A: $\def\e{\varepsilon} 
\def\To{\rightarrow}$Note that $g$ in
\begin{align*}
g(x+y) &= e^y g(x)+e^x g(y) \tag{1} 
\end{align*}
is not a multivariable function.
It is a function of one variable.
This is an equation (called a functional equation) for which the unknown is a function, namely the function $g$.
That is, to solve this equation involves not finding an $x$- or $y$-value for which the equation is satisfied but to find a function for which the equation holds for all $x$, $y$.

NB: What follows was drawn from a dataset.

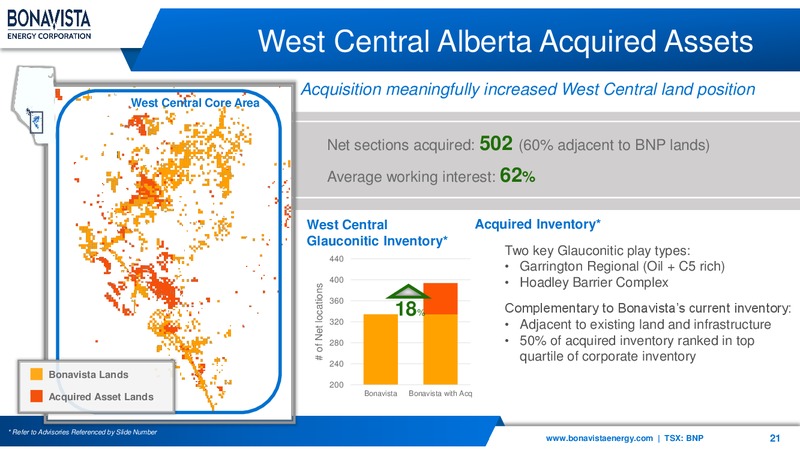 4Q 2019 Earnings Presentation – Bonavista Energy Corp – slide 21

The geometric meaning of (1) is clear:
the value of $g$ at $x+y$ is related to its value at the points $x$ and $y$ as well as on $x$ and $y$ directly through (1).

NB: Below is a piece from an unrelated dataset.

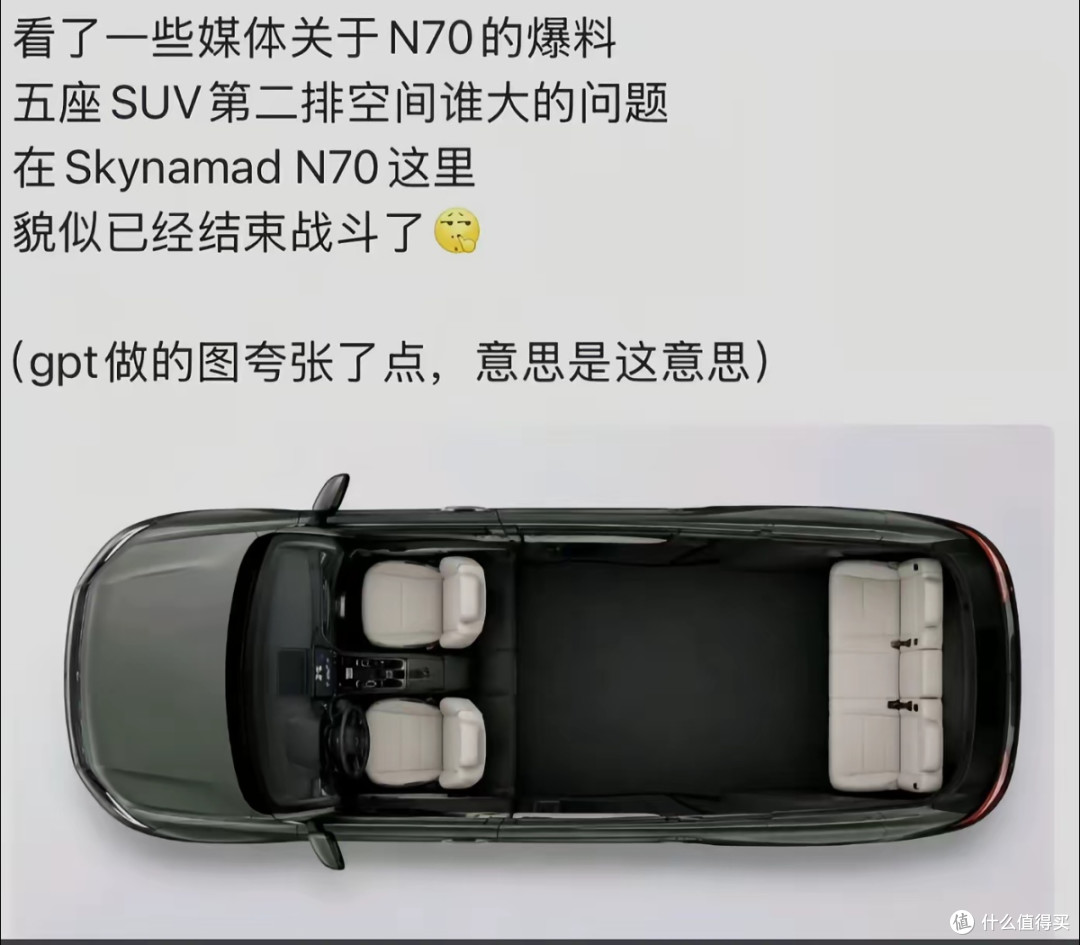 小米澎程的n70空间可能也不会特别突出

Let us examine a simpler relationship implied by (1),
\begin{align*}
g(2x) = 2e^x g(x).\tag{2}
\end{align*}
This states that the height of the function at $2x$ is $2e^x$ times the height of the function at $x$.
(Let $x=1$ so
$g(2) = 2e g(1)$.
This states that the height of the function $g$ at 2 is $2e$ times the height of the function at 1.)

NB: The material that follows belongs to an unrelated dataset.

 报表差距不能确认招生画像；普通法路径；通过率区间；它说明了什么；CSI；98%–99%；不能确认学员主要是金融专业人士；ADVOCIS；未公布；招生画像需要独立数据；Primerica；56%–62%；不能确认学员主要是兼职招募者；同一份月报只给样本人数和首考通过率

A relationship such as (1) is extremely restrictive and almost completely specifies the function $g$.
A good intuition comes from recurrence relations.
Suppose that
\begin{align*}
f(0) &= a \\
f(n+1) &= r f(n)
\end{align*}
where $n$ is a nonnegative integer.
This is the recurrence relation for the geometric sequence.
Note the similarity with (1):
the value of $f$ at $n+1$ is related to its value at $n$.
The geometric sequence could instead be defined by
\begin{align*}
f(0) &= a \\
f(m+n) &= r^m f(n),
\end{align*}
where $m,n$ are nonnegative integers, in which case the similarity to (1) is even more transparent.
Addendum
Let us agree that we wish to solve (1) on the reals.
Let $x=y=0$.
Then
$g(0) = 2g(0)$.
Thus, $g(0) = 0$.
Consider
\begin{align*}
g(x+\e) - g(x)
    &= (e^\e-1)g(x) + e^x g(\e). \tag{3}
\end{align*}
This implies that if $\lim_{\e\To0}g(\e)=0$, that is, if $g$ is continuous at $x=0$, that $g$ is continuous for all reals.
In fact, if we assume that $g$ is differentiable at $x=0$ this implies that $g$ is differentiable for all reals since
\begin{align*}
g'(x) &= \lim_{\e\To0} \frac{g(x+\e)-g(x)}{\e} 
    = g(x) + e^x g'(0). \tag{4}
\end{align*}
We can begin graphing $g$ by point plotting using (2).
Suppose, without loss of generality, that $g(1) = e$.
Since $g(2x) = 2e^x g(x)$,
\begin{align*}
g(2) &= 2e^1g(1) 
    = 2e^2 \\
g(4) &= 4e^4 \\
\vdots
\end{align*}
Similarly, since $g(x/2) = e^{-x/2}g(x)/2$,
\begin{align*}
g(1/2) &= \frac{e^{-1/2}}{2}g(1) 
    = \frac{e^{1/2}}{2} \\
g(1/4) &= \frac{e^{1/4}}{4} \\ 
\vdots
\end{align*}
See the figures below.
(Values of $g$ for $x<0$ may be found by setting $y=-x$ in (1), with the result
$g(-x) = -e^{-2x}g(x)$.)
How to find the form of $g$ for a generic $x$-value?
There are many ways to approach this.
Here we solve the differential equation (4).
Applying the condition that $g(0) = 0$ we find the solution
$g(x) = x e^x g'(0).$
If $g(1) = e$ we find
$$g(x) = x e^x.$$
(Note that this is equivalent to the condition that $g'(0) = 1$.)
The graph of this function is given in the figures below as a solid line.
(One can also transform this problem as indicated by @Christian Blatter. This will result in a well-known functional equation.
It should be noted that the conditions that $g$ be continuous or differentiable at $0$ are not necessary and that generally the solution may be quite pathological.)

Figure 1. Plot of $g(2^k)$ for $k=0,1,\ldots$.

Figure 2. Plot of $g(2^{-k})$ for $k=0,1,\ldots$.